(Given records Opens)

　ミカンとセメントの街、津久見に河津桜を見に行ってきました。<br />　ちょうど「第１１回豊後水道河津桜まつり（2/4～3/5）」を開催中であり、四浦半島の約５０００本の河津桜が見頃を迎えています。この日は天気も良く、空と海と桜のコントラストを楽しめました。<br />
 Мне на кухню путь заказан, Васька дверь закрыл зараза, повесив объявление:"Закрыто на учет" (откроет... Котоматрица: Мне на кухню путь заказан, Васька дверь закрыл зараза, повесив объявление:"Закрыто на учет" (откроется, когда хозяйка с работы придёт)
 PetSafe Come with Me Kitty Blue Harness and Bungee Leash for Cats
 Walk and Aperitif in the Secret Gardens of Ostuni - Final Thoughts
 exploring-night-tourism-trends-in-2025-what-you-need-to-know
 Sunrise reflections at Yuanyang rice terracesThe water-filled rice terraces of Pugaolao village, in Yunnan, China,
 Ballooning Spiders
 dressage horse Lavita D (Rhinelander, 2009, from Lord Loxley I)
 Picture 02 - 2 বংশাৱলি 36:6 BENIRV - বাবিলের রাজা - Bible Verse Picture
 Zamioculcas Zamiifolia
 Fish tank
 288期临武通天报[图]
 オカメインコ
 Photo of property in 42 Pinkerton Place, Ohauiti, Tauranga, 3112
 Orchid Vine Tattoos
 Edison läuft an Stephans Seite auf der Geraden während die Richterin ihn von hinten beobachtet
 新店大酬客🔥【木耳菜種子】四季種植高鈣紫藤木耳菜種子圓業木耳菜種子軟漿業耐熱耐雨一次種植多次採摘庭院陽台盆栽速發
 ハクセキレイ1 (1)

(Given records Closes)

■ **Task brief**
Retype, in the same exact form, the lines of the material above from the line holding "Walk and Aperitif" through the line holding "dressage horse Lavita".

■ **Completed exercise**
 Walk and Aperitif in the Secret Gardens of Ostuni - Final Thoughts
 exploring-night-tourism-trends-in-2025-what-you-need-to-know
 Sunrise reflections at Yuanyang rice terracesThe water-filled rice terraces of Pugaolao village, in Yunnan, China,
 Ballooning Spiders
 dressage horse Lavita D (Rhinelander, 2009, from Lord Loxley I)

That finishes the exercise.